» Exercise aim: Output, exactly and with no pictures, the line that contains "Cabela's Shirt Large" and every line that comes after it in the data below, the last one included.

» Available data:
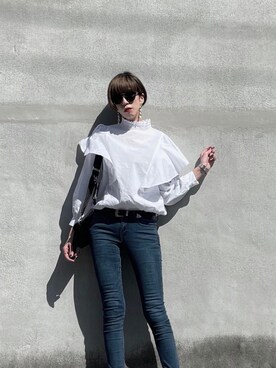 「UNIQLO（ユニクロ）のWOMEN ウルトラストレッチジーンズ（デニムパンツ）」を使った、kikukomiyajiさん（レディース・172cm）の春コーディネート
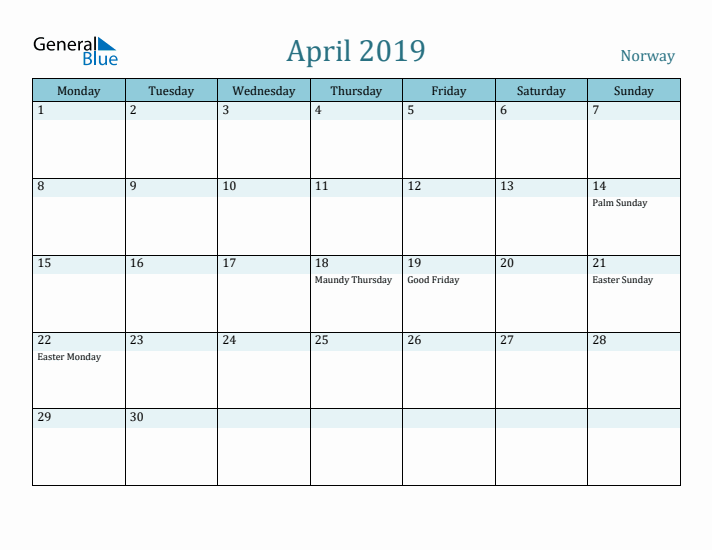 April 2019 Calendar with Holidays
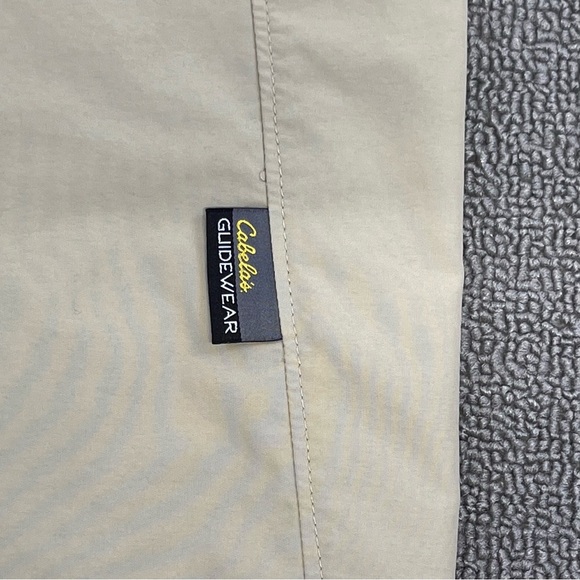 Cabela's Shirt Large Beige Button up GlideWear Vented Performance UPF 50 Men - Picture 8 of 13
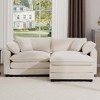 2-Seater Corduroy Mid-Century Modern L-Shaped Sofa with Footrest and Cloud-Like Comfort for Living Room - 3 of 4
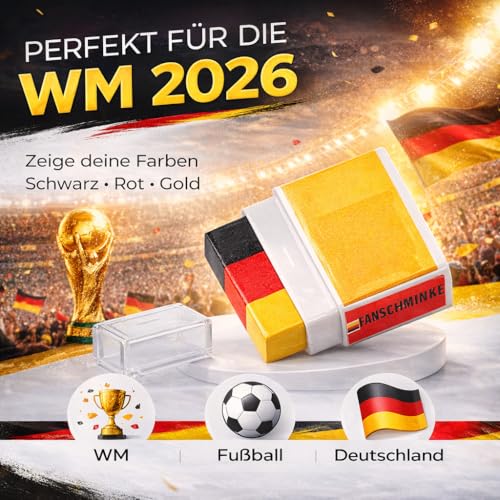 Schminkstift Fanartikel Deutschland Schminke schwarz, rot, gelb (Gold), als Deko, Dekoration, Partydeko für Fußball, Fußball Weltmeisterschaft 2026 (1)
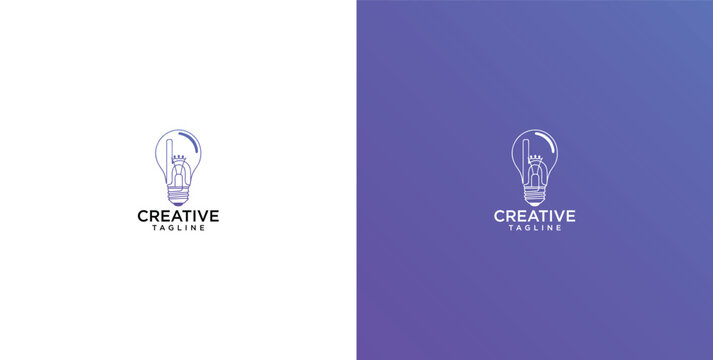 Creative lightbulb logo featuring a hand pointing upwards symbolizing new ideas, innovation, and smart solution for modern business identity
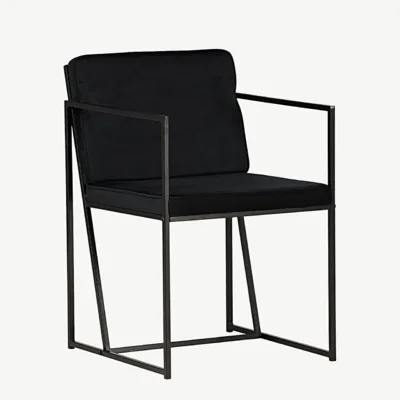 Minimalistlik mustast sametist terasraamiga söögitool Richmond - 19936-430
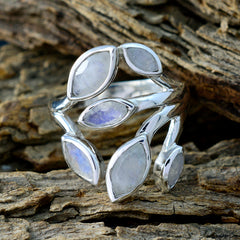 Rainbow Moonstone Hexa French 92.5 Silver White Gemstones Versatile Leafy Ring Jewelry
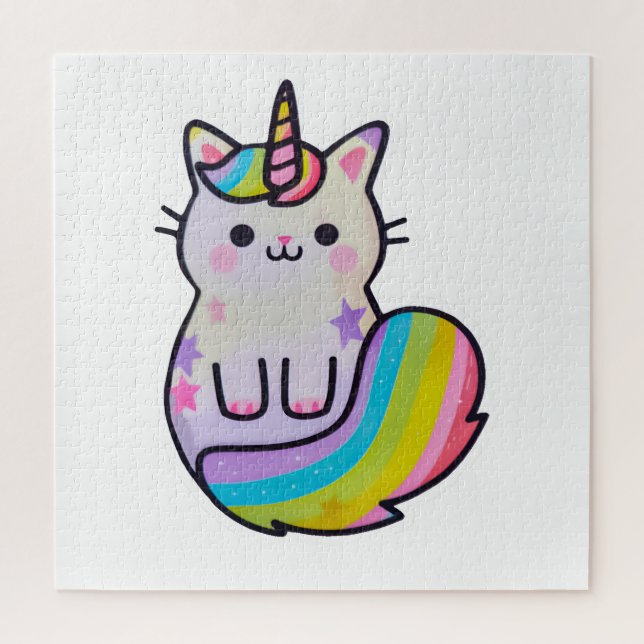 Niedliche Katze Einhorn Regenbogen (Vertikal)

» Task response:
 Cabela's Shirt Large Beige Button up GlideWear Vented Performance UPF 50 Men - Picture 8 of 13
 2-Seater Corduroy Mid-Century Modern L-Shaped Sofa with Footrest and Cloud-Like Comfort for Living Room - 3 of 4
 Schminkstift Fanartikel Deutschland Schminke schwarz, rot, gelb (Gold), als Deko, Dekoration, Partydeko für Fußball, Fußball Weltmeisterschaft 2026 (1)
 Creative lightbulb logo featuring a hand pointing upwards symbolizing new ideas, innovation, and smart solution for modern business identity
 Minimalistlik mustast sametist terasraamiga söögitool Richmond - 19936-430
 Rainbow Moonstone Hexa French 92.5 Silver White Gemstones Versatile Leafy Ring Jewelry
 Niedliche Katze Einhorn Regenbogen (Vertikal)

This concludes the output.